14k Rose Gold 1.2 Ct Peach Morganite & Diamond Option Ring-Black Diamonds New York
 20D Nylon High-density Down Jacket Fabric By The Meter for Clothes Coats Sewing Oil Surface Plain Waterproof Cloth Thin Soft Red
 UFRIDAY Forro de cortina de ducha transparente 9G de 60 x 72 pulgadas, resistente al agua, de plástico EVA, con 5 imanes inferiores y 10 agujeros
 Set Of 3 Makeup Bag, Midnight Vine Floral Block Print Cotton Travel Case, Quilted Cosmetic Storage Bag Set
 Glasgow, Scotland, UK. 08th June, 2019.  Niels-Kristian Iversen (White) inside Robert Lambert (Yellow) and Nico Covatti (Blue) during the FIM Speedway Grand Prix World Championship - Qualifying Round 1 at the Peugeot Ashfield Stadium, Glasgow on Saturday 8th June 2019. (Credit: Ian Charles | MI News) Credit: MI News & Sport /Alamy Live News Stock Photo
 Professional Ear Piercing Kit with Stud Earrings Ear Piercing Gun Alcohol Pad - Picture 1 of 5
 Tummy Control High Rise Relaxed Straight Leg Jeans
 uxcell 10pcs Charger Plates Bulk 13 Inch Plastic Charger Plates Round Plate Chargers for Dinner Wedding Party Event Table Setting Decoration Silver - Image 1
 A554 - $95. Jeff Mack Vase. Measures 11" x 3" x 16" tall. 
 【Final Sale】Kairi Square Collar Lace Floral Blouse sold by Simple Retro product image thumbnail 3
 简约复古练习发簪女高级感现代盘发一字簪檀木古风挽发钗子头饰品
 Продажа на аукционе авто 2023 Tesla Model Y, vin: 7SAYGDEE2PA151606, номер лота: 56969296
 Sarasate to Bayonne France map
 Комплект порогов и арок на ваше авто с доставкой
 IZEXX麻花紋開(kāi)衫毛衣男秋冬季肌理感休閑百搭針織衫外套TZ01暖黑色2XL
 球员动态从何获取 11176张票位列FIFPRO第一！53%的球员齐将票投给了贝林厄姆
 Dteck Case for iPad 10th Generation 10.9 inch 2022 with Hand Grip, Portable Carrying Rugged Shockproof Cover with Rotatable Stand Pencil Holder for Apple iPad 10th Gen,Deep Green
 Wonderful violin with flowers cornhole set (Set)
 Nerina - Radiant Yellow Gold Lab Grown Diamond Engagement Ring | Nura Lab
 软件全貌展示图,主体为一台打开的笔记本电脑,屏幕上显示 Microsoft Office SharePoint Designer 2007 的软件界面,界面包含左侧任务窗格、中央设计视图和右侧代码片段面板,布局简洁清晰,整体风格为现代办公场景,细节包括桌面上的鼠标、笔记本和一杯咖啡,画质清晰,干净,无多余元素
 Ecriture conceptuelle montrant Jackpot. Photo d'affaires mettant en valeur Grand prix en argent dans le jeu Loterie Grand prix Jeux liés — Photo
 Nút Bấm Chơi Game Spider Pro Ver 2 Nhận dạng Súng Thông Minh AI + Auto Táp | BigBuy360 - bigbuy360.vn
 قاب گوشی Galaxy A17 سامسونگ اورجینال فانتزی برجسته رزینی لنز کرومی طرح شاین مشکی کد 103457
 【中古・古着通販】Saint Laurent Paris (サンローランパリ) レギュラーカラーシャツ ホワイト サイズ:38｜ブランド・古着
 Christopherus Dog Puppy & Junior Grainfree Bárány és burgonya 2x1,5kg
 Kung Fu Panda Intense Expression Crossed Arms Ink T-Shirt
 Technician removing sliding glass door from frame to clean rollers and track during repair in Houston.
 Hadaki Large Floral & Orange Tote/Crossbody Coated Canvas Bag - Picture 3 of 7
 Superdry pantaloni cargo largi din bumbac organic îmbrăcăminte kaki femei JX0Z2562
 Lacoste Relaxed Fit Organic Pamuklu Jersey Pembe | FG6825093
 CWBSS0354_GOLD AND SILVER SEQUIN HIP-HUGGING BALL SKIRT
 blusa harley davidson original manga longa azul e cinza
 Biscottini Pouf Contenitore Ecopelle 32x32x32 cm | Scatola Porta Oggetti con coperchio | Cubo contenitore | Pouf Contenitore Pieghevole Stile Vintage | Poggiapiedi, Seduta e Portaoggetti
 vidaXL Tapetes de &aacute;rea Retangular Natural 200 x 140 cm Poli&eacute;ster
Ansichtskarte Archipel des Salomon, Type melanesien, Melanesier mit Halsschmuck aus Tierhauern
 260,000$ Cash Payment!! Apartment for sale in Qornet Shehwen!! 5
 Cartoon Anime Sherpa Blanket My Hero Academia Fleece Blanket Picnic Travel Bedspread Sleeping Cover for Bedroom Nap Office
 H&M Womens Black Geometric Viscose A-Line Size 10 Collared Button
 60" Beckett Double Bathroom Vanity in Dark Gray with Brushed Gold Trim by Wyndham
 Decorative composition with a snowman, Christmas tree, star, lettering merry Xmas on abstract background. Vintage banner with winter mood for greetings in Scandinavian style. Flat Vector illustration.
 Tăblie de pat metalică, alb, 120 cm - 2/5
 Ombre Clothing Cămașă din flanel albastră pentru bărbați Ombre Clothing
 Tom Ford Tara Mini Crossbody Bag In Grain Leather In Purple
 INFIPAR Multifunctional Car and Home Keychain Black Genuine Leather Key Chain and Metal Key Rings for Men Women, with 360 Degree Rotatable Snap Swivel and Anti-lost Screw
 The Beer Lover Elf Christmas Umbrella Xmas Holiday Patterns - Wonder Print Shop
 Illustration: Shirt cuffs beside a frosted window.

--- Exercise ---
Please give an exact restatement of only the lines from the beginning of the material above to the line with "Glasgow, Scotland, UK.", inclusive.

--- Your response ---
14k Rose Gold 1.2 Ct Peach Morganite & Diamond Option Ring-Black Diamonds New York
 20D Nylon High-density Down Jacket Fabric By The Meter for Clothes Coats Sewing Oil Surface Plain Waterproof Cloth Thin Soft Red
 UFRIDAY Forro de cortina de ducha transparente 9G de 60 x 72 pulgadas, resistente al agua, de plástico EVA, con 5 imanes inferiores y 10 agujeros
 Set Of 3 Makeup Bag, Midnight Vine Floral Block Print Cotton Travel Case, Quilted Cosmetic Storage Bag Set
 Glasgow, Scotland, UK. 08th June, 2019.  Niels-Kristian Iversen (White) inside Robert Lambert (Yellow) and Nico Covatti (Blue) during the FIM Speedway Grand Prix World Championship - Qualifying Round 1 at the Peugeot Ashfield Stadium, Glasgow on Saturday 8th June 2019. (Credit: Ian Charles | MI News) Credit: MI News & Sport /Alamy Live News Stock Photo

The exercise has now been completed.